Inflasi inti tergolong rendah dan tercatat sebesar 3,95 persen (yoy).
Rendahnya
inflasi inti tersebut tidak terlepas dari peran kebijakan BI dalam mengelola
permintaan domestik, menjaga stabilitas nilai tukar, dan mengarahkan ekspektasi
inflasi. Inflasi volatile food tercatat sebesar 4,84 persen (yoy), cukup rendah
di tengah terjadinya gejala El Nino. Hal ini seiring semakin kuatnya koordinasi
pemerintah dan BI dalam mendorong peningkatan produksi dan memperbaiki
distribusi, serta meminimalkan berbagai distorsi harga bahan pangan.
Sementara
itu, kelompok administered prices mencatat inflasi yang rendah, yakni 0,39
persen (yoy), yang didukung reformasi subsidi berupa penyesuaian harga bahan
bakar minyak (BBM) dan LPG 12 kilogram, serta penyesuaian tarif listrik di
tengah menurunnya harga minyak dan gas global. Ke depan, inflasi akan dijaga
pada sasaran inflasi yang telah ditetapkan, yaitu sebesar empat plus minus satu
persen pada 2016-2017 dan 3,5 plus minus satu persen pada 2018.
Stabilitas
sistem keuangan tetap terjaga, ditopang ketahanan sistem perbankan dan kinerja
pasar keuangan yang cukup kuat.
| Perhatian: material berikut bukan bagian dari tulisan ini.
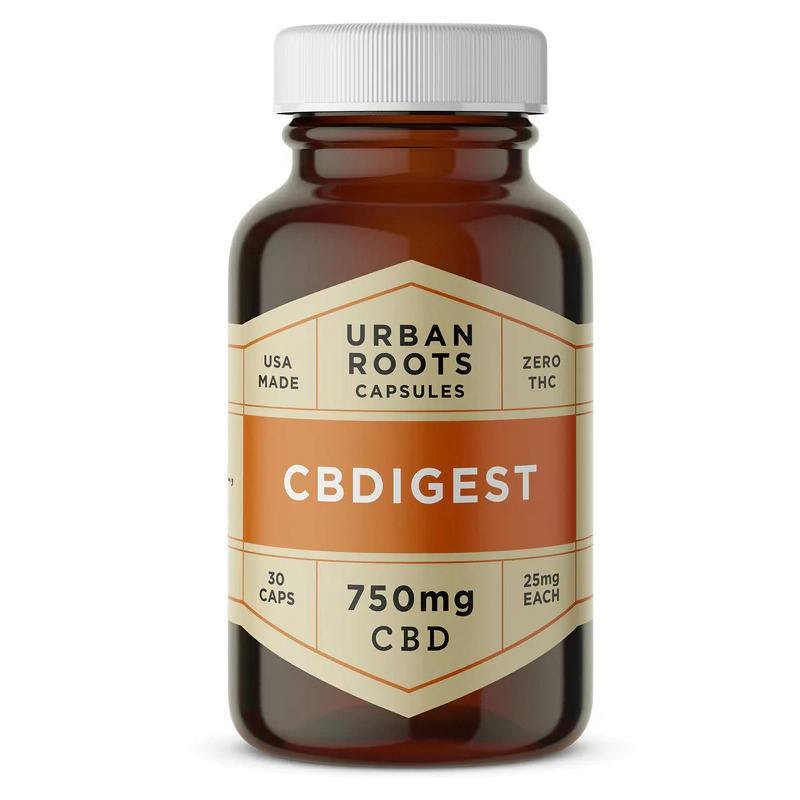 Urban Roots CBDigest Capsule 750mg CBD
Pada November 2015, rasio kecukupan modal (capital
adequacy ratio/CAR) tercatat sebesar 21,1 persen, sementara rasio kredit
bermasalah (non performing loan/NPL) berada di kisaran 2,7 persen (gross) atau
1,3% (net). Dari sisi fungsi intermediasi, pertumbuhan kredit tercatat sebesar
9,8 persen (yoy), lebih rendah dari pertumbuhan pada periode sama tahun
sebelumnya, sejalan melambatnya pertumbuhan ekonomi.
Sementara
itu, pertumbuhan Dana Pihak Ketiga (DPK) pada November 2015 tercatat sebesar
7,7 persen (yoy). Ke depan, perlu diantisipasi adanya tekanan likuiditas
sebagai dampak operasi keuangan pemerintah dan perlambatan pertumbuhan dana
pihak ketiga (DPK). BI akan terus memonitor dan memitigasi risiko likuiditas
agar stabilitas sistem keuangan tetap terjaga.
Pada
2016, bauran kebijakan BI tetap difokuskan untuk menjaga stabilitas
makroekonomi dan sistem keuangan dengan tetap memelihara momentum pertumbuhan
ekonomi. Di bidang moneter, pemanfaaatan ruang pelonggaran moneter dilakukan
secara terukur dengan tetap konsisten menjaga stabilitas makroekonomi dan
sistem keuangan.
Kebijakan
tersebut akan didukung upaya untuk menjaga nilai tukar yang sesuai
fundamentalnya, memperkuat kecukupan cadangan devisa, dan mengelola aliran
modal asing. Di bidang makroprudensial, kebijakan makroprudensial yang
akomodatif akan terus dilanjutkan dengan tetap memperhatikan stabilitas sistem
keuangan, dan terus mendorong pendalaman pasar keuangan.
Sementara
itu, di bidang sistem pembayaran, kebijakan diarahkan untuk mengembangkan industri
sistem pembayaran domestik yang lebih efisien, termasuk melalui perluasan
elektronifikasi sistem pembayaran. Berbagai kebijakan tersebut akan disertai peningkatan
koordinasi dengan pemerintah dan institusi terkait, sehingga stabilitas
makroekonomi tetap terjaga dengan struktur perekonomian yang lebih kuat dalam
mendukung pertumbuhan ekonomi yang berkelanjutan.